Enter each person's current share — they should add up to the current total.
How it works
Keep current percentages — each person's current share is used as a weight against the new total, preserving the existing proportions exactly.
Split only the increase equally — the raise is divided evenly and added on top of each existing share. Everyone absorbs the same dollar increase regardless of their current share.
Use new percentages — you set a fresh percentage split that must total 100%, applied to the new total. Use this to renegotiate the agreement when rent changes.
Worked example: Old rent $1,500 split $900 / $600. New rent $1,650 (+$150).

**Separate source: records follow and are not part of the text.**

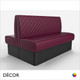Battersea 3 Seat 1500mm Twin Back to Back Banquette Bench - Luxurious Deep Quilted, Standard-Height Backrest - Décor for Business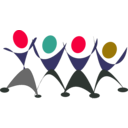 download Dancing People clipart image with 315 hue color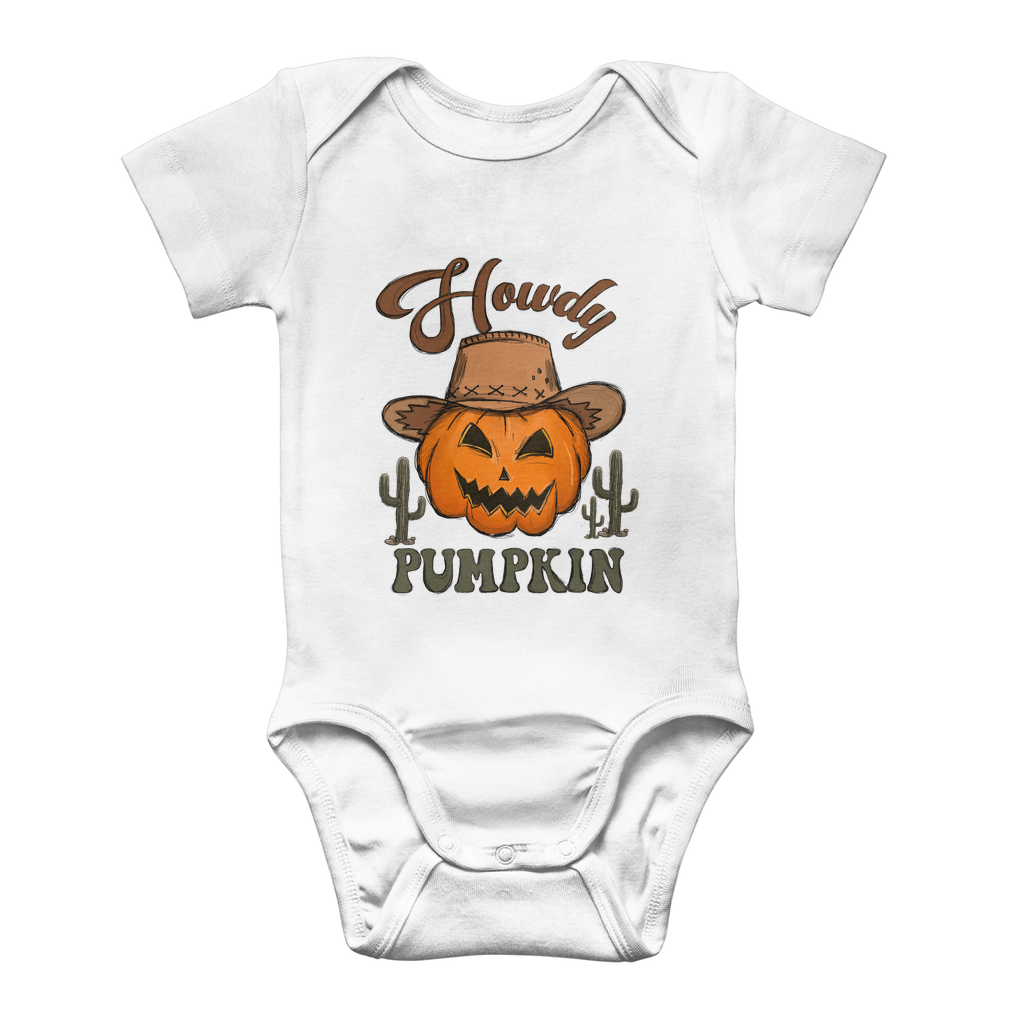 HOWDY PUMPKIN Classic Baby Onesie Bodysuit - DirectlyPersonalised
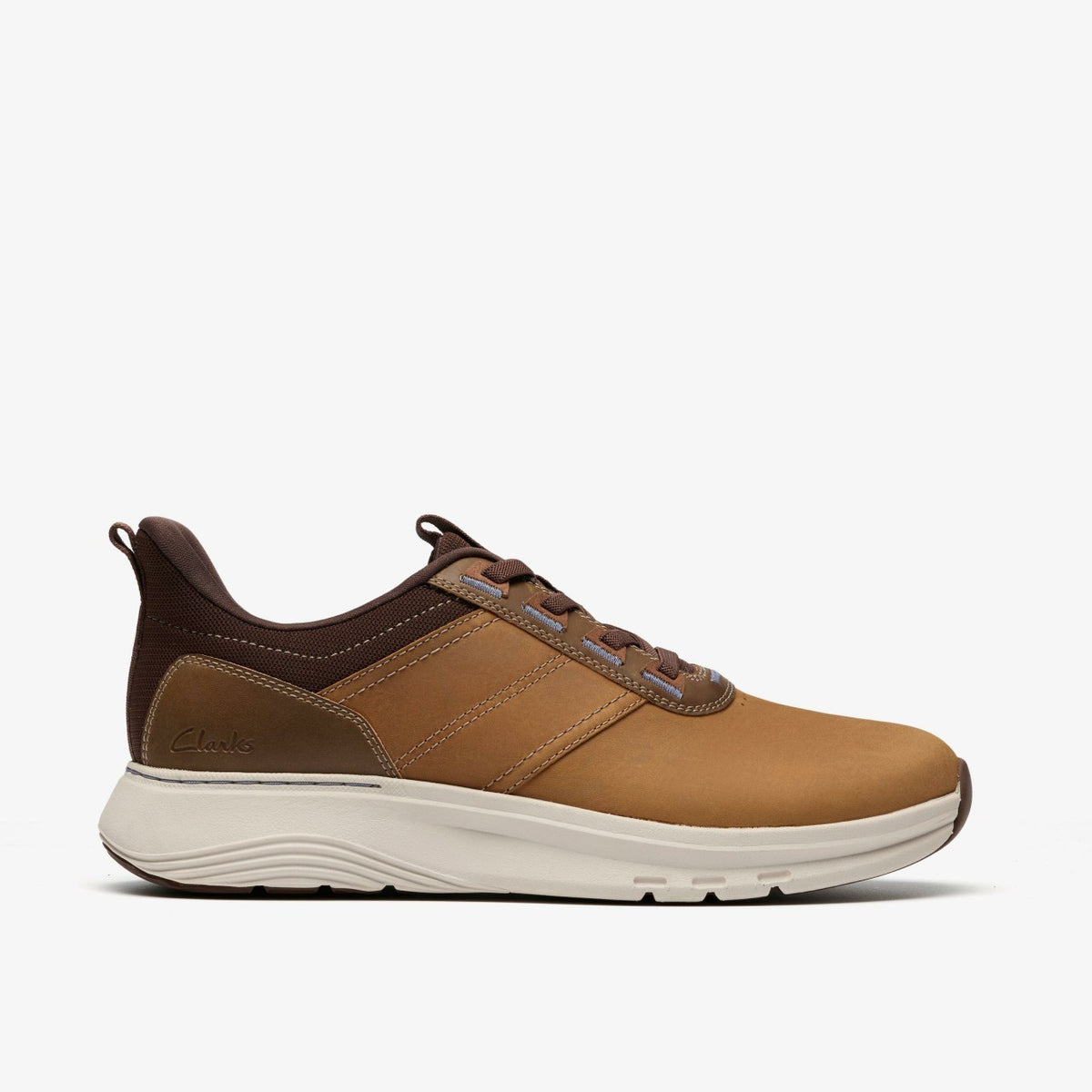Clarks Motion Trek LX Dark Tan Leather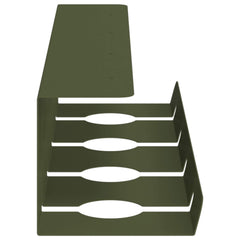 vidaXL Under Desk Cable Management Tray 2 pcs Olive Green 6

Keep ratio: 1,650 × 900 ÷ 1,500 = $990 and $660. Split increase equally: $900 + $75 = $975 and $675. New 50/50: $825 each.
Money is held in cents and distributed with the largest-remainder rule, so the new shares always add back to the new total.
FAQ
- Which rule is fairest?
- There is no single fair rule — it depends on your existing agreement. Keeping percentages preserves the original deal; splitting the increase equally treats the raise as a shared burden; new percentages let you renegotiate. The calculator shows all three so you can compare.
- My current shares aren't equal. Is that OK?
- Yes. Enter whatever each person currently pays. The keep-ratio and equal-increase methods both start from your real current shares rather than assuming an even split.
- Does this say whether the rent increase is legal?
- No. RoomRatio only redistributes an amount you enter. Statutory caps, rent-control limits, and notice rules are outside this tool — check your local rules.
- Can I handle a rent decrease?
- Not yet. The calculator currently requires the new rent to be the same as or higher than the current rent.